Apologies if this seems alarmist; the majority of DB schemes *should* end up being able to meet all their liabilities, but I just wanted to paint a full picture. However, if you have concerns about the continuing viability of the employer, you should make further enquiries about the financial health of the pension scheme, just to be on the safe side.



cronley said:


> You say 7.25% is guideline return if more than 10 years to retirement. What is guideline % for 6 years to retirement.


 
Over the last ten years prior to retirement, the rate is reduced gradually from the long term rate (currently 7.25%) to the short term rate (currently 4.5%). The formula used to achieve this is set out in section C.1 of the Appendix to ASP PEN-2.



cronley said:


> The reason I am trying to get the formula for calculating Transfer Value, is to get some transparency.
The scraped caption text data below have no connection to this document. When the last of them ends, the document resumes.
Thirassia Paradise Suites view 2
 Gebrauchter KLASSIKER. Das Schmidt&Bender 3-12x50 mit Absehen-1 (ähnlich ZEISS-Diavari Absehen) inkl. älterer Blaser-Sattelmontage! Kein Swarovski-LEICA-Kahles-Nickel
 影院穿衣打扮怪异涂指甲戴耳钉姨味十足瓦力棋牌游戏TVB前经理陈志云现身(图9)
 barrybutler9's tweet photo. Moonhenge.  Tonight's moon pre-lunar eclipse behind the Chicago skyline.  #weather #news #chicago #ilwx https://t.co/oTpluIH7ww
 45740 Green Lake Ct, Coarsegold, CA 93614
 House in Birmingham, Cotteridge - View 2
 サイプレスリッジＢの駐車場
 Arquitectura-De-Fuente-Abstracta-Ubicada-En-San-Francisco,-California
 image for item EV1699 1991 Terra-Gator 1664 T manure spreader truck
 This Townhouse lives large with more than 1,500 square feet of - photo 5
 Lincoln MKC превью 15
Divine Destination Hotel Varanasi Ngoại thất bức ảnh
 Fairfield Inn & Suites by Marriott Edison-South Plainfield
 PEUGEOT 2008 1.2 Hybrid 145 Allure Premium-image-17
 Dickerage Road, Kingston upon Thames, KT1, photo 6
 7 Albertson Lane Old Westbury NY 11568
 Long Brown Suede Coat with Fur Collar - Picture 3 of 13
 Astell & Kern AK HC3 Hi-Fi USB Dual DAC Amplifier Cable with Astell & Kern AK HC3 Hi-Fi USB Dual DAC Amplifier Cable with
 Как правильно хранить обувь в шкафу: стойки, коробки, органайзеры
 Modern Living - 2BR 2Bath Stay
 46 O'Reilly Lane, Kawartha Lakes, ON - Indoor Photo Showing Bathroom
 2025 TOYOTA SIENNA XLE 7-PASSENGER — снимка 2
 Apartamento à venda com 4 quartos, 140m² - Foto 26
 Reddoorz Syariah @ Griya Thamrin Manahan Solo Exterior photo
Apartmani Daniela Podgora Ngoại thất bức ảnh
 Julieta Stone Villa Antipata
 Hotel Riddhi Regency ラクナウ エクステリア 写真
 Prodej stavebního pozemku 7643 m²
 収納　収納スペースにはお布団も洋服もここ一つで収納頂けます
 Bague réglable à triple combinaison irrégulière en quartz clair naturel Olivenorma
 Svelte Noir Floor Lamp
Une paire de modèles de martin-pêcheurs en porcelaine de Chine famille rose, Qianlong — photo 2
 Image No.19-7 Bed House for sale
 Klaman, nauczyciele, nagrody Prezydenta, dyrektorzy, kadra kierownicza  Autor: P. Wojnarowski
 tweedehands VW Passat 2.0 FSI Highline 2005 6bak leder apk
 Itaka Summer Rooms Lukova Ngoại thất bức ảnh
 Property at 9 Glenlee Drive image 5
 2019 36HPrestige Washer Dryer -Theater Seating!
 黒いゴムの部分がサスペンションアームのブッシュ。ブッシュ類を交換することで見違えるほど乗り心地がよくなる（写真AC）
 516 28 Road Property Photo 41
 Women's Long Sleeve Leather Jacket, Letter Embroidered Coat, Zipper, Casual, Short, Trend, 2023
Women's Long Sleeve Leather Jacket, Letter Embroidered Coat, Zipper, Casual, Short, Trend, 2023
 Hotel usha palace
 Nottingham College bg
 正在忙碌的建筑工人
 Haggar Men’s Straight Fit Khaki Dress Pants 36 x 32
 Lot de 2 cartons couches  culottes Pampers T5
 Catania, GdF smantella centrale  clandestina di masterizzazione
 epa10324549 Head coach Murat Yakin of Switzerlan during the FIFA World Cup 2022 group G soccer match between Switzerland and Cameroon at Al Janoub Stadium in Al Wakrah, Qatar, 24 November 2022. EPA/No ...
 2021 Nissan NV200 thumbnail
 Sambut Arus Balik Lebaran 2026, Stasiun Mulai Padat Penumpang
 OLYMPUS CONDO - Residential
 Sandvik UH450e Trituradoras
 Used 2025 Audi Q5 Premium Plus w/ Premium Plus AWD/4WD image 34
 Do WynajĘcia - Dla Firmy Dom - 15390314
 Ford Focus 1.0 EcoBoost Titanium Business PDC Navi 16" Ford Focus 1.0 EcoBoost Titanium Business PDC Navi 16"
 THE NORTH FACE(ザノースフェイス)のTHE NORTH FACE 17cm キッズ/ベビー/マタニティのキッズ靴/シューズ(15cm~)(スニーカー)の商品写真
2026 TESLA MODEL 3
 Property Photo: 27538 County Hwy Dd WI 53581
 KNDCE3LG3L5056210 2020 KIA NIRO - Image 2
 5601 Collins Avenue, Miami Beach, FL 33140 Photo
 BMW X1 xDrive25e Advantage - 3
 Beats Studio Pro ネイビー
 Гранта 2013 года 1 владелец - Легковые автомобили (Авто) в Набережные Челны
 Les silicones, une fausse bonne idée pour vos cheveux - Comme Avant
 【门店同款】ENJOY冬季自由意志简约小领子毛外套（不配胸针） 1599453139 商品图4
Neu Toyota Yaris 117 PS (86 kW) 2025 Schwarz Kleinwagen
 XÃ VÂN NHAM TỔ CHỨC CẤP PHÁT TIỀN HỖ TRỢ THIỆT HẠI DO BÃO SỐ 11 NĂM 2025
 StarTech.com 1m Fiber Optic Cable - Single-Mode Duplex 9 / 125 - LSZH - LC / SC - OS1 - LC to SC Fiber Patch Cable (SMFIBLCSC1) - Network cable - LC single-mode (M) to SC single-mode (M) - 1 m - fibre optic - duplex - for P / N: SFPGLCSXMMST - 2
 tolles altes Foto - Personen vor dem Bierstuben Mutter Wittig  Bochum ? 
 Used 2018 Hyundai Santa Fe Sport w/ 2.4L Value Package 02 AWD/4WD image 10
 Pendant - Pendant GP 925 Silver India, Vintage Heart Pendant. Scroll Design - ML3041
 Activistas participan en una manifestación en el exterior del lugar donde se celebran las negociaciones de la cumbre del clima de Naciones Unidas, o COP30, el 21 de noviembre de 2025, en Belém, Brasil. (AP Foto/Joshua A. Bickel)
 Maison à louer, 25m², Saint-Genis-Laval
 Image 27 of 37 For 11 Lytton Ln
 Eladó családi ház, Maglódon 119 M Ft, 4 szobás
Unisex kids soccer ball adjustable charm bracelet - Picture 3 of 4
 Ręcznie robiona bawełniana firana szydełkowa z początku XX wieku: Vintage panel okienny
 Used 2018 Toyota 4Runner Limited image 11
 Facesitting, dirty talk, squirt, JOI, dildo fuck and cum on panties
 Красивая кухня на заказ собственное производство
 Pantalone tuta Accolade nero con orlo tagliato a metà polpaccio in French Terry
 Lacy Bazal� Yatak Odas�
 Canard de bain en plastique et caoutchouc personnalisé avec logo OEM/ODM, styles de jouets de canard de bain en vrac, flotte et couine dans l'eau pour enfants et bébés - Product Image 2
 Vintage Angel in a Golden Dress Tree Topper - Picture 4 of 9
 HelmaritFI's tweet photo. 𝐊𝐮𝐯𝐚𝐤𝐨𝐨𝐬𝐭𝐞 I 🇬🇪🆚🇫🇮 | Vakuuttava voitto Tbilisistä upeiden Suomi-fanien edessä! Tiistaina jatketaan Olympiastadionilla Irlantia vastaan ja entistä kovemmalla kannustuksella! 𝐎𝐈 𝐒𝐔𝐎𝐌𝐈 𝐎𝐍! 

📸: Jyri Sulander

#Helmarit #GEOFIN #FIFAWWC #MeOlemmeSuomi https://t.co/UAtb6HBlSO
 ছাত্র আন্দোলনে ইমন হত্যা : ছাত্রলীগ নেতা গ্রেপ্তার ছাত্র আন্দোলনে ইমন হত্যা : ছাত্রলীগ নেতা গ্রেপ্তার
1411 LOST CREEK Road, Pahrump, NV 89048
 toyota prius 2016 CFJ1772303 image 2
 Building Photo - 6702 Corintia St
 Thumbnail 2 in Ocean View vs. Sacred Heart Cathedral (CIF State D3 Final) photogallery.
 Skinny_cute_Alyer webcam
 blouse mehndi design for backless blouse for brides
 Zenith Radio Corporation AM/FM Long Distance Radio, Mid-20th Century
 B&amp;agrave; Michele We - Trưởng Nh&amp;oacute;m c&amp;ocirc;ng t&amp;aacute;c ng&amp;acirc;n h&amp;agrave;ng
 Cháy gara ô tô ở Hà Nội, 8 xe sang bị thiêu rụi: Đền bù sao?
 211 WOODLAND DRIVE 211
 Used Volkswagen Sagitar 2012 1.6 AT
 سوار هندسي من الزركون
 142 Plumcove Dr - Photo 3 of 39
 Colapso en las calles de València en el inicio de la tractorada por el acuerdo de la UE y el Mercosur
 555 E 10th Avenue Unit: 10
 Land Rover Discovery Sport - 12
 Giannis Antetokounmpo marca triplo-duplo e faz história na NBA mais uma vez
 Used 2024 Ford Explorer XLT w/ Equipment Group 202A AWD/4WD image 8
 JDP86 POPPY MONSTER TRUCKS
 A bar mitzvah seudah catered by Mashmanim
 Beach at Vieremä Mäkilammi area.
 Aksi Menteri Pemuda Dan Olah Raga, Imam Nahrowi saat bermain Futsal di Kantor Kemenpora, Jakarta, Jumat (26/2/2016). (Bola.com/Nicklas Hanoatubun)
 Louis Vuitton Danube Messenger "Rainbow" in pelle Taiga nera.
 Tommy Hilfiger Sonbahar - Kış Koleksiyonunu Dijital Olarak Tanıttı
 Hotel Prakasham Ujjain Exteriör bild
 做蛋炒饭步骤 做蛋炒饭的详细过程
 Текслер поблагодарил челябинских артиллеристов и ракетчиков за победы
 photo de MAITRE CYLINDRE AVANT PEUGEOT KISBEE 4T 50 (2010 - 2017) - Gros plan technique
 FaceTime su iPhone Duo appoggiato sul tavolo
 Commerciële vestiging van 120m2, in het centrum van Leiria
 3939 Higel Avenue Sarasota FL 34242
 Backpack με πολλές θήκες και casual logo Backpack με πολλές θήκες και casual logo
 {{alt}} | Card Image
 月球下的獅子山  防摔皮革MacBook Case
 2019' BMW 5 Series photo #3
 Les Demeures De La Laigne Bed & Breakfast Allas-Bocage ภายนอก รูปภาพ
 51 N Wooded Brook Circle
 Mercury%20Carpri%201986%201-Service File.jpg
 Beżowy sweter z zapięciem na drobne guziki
How do I know if the scheme actuary makes a mistake in the calculation - or does not not treat me fairly - the whole process seems very secretive.


 
ASP PEN-2 sets out the process in detail and does not give the scheme actuary the option to "treat you unfairly". It's also very unlikely that a mistake would be made in the calculation as these calculations tend to be computerised, but you always have the option of hiring an actuary to check the amount quoted, if you have concerns about its accuracy.

Regards
Homer


----------